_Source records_
::::

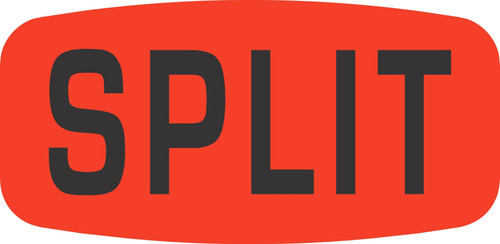Split Label 0.625X1.25 IN Black Fluorescent Red Short Oval 1000 Count/Roll 50 Rolls/Case 50000 Count/Case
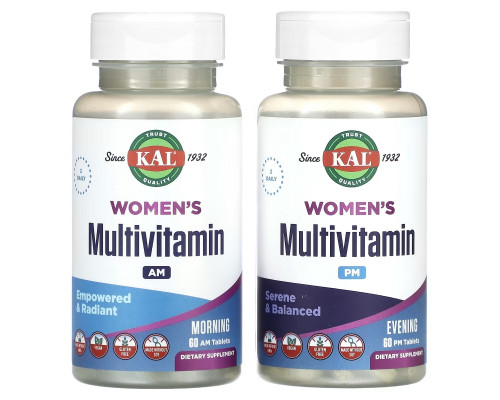 KAL, Women's Multivitamin, Morning & Evening, 2 Pack, 60 Tablets Each KAL, Women's Multivitamin, Morning & Evening, 2 Pack, 60 Tablets Each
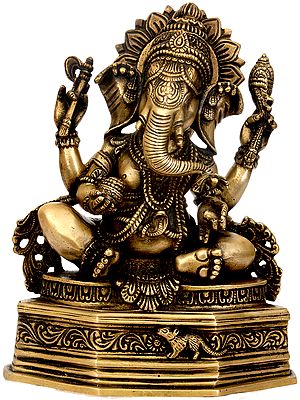 Lord Ganesha Enjoying Modak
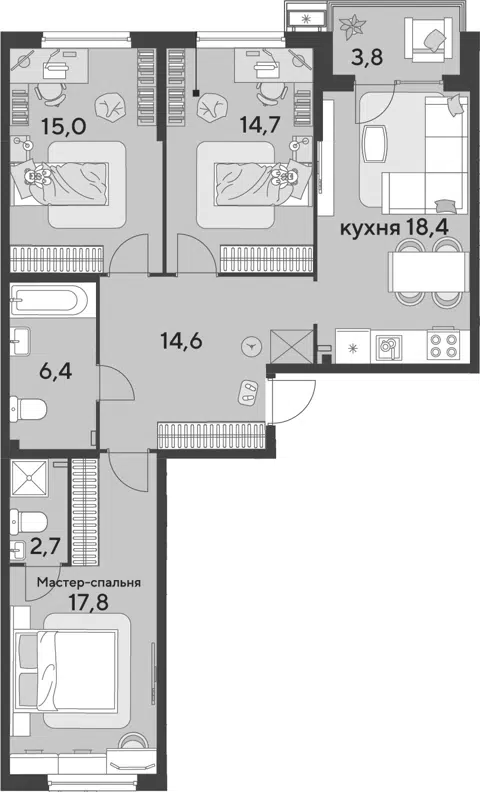 Планировка 4Е-к.кв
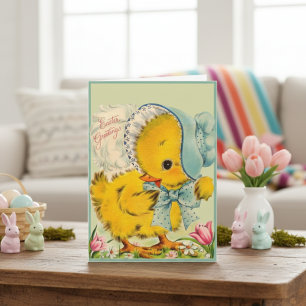 Vintage Retro Baby Chick Oaster Grußkarten Feiertagskarte
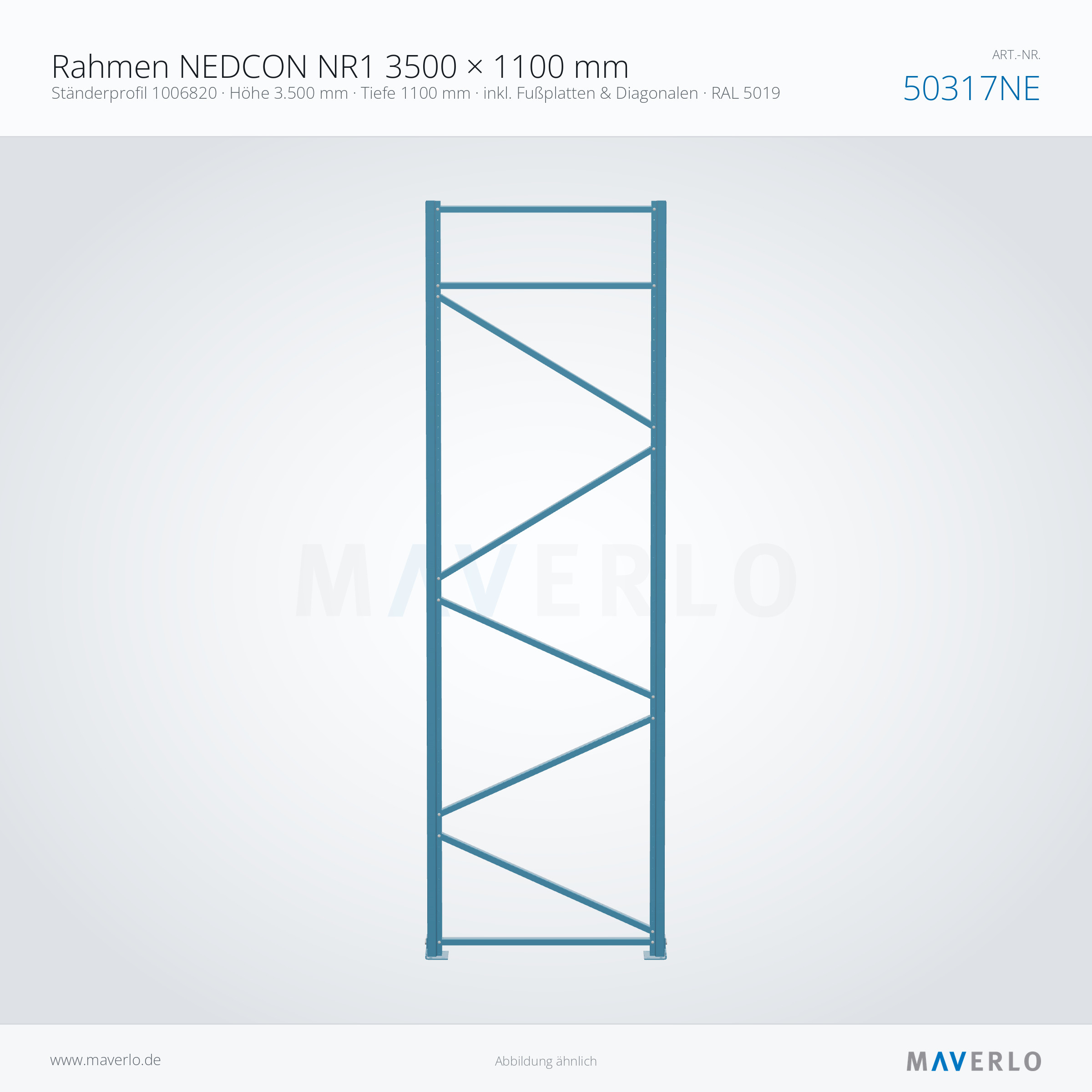 Rahmen NEDCON NR1 3500 × 1100 mm – Ständerprofil 1006820 · Höhe 3.500 mm · Tiefe 1100 mm · inkl. Fußplatten & Diagonalen · RAL 5019 – NEDCON NR1 Palettenregal, Art.-Nr. 50317NE (Queransicht)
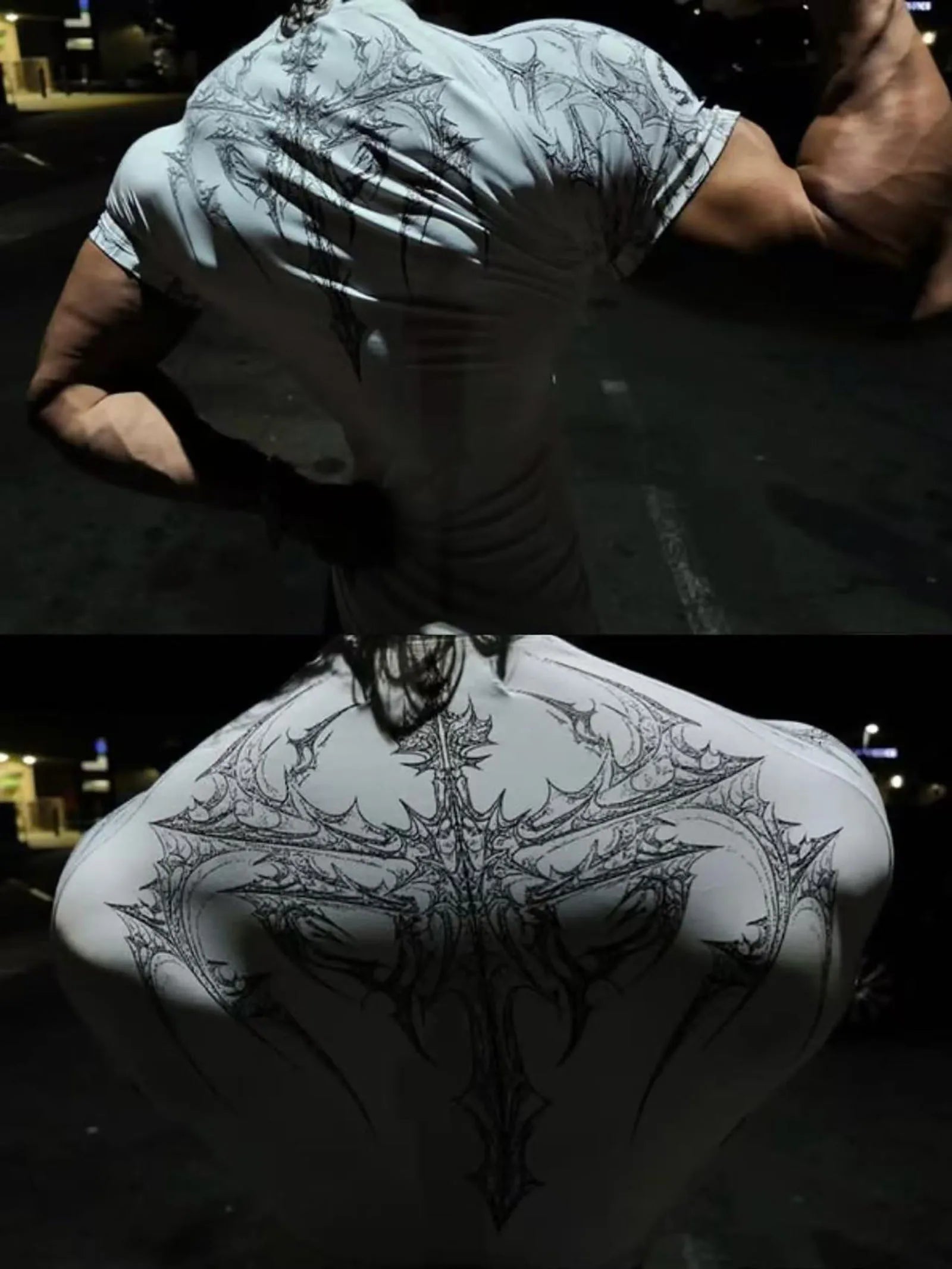 تي شيرت رياضي رجالي بطبعة قوطية داكنة، تي شيرت عضلي عالي المرونة وسريع الجفاف للتدريب على كمال الأجسام صيف 2025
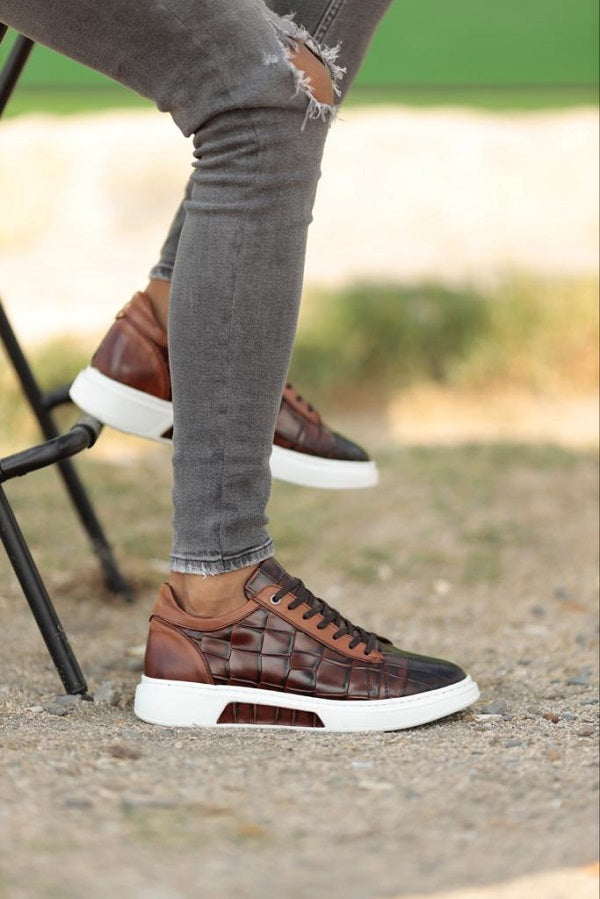 Sardinelli Patras Brown Crocodile Pattern Sneakers
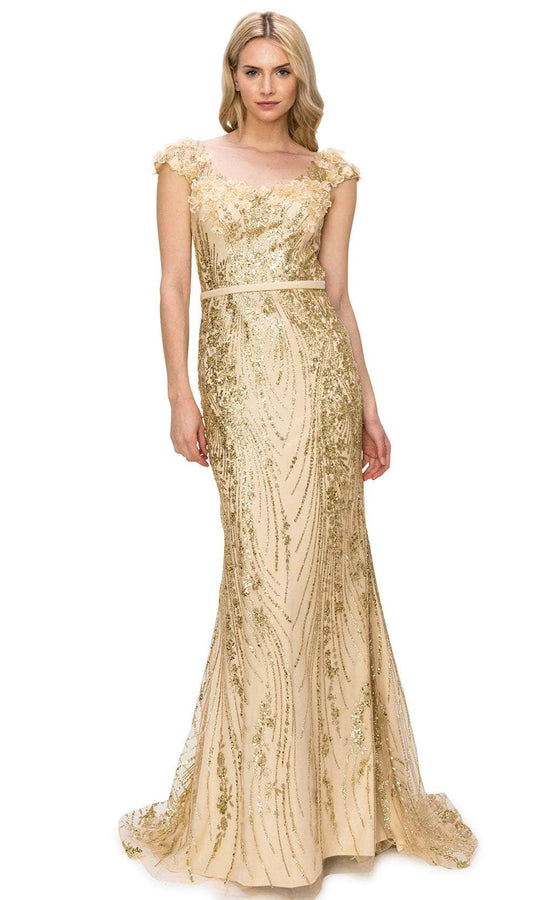 Cinderella Couture 8057J - Scoop Glitter Floral Appliqued Prom Gown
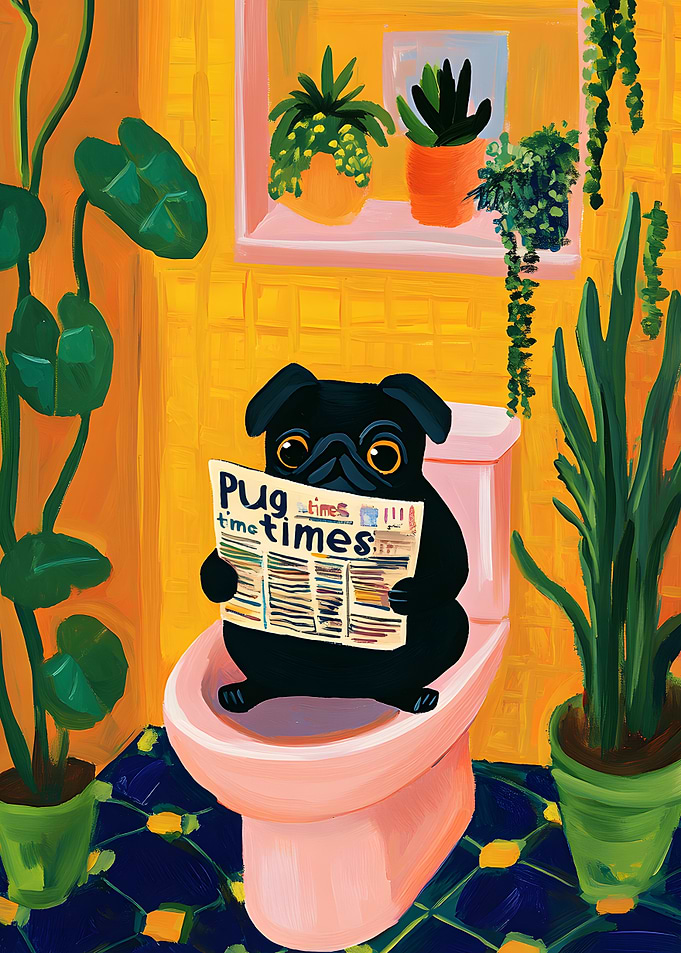 Pug Reading Newspaper on Toilet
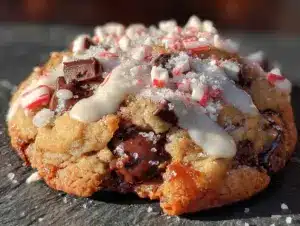 peppermint bark chocolate chip cookies - featured image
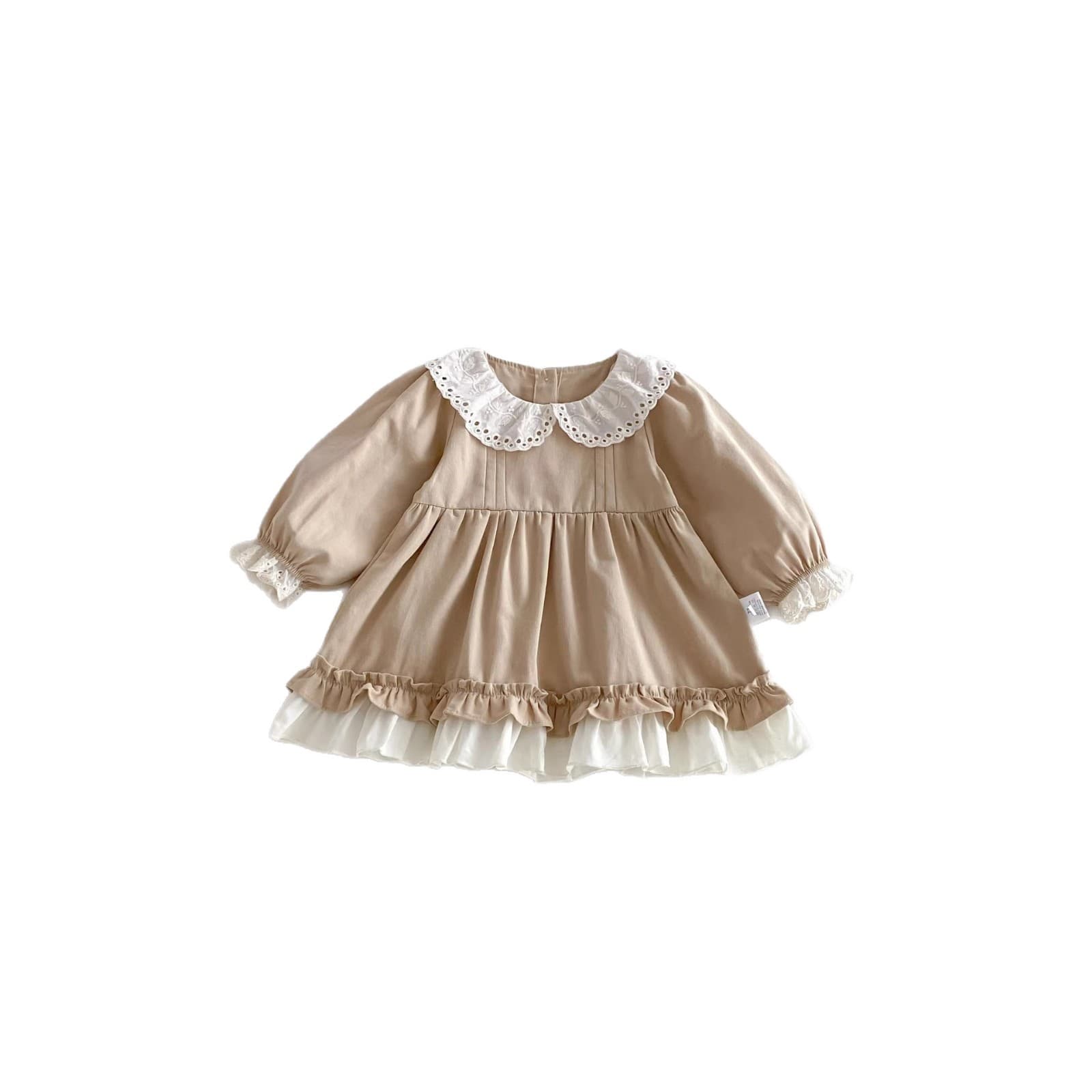 Girls' Long Sleeve Dress Spring Floral Trim Turn — alternate view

::::

_EXERCISE_
The copy must start at the line containing "Cinderella Couture 8057J" and end at the last line of the records, matching each line exactly and holding no pictures.

_THE ANSWER_
 Cinderella Couture 8057J - Scoop Glitter Floral Appliqued Prom Gown
 Pug Reading Newspaper on Toilet
 peppermint bark chocolate chip cookies - featured image
 Girls' Long Sleeve Dress Spring Floral Trim Turn — alternate view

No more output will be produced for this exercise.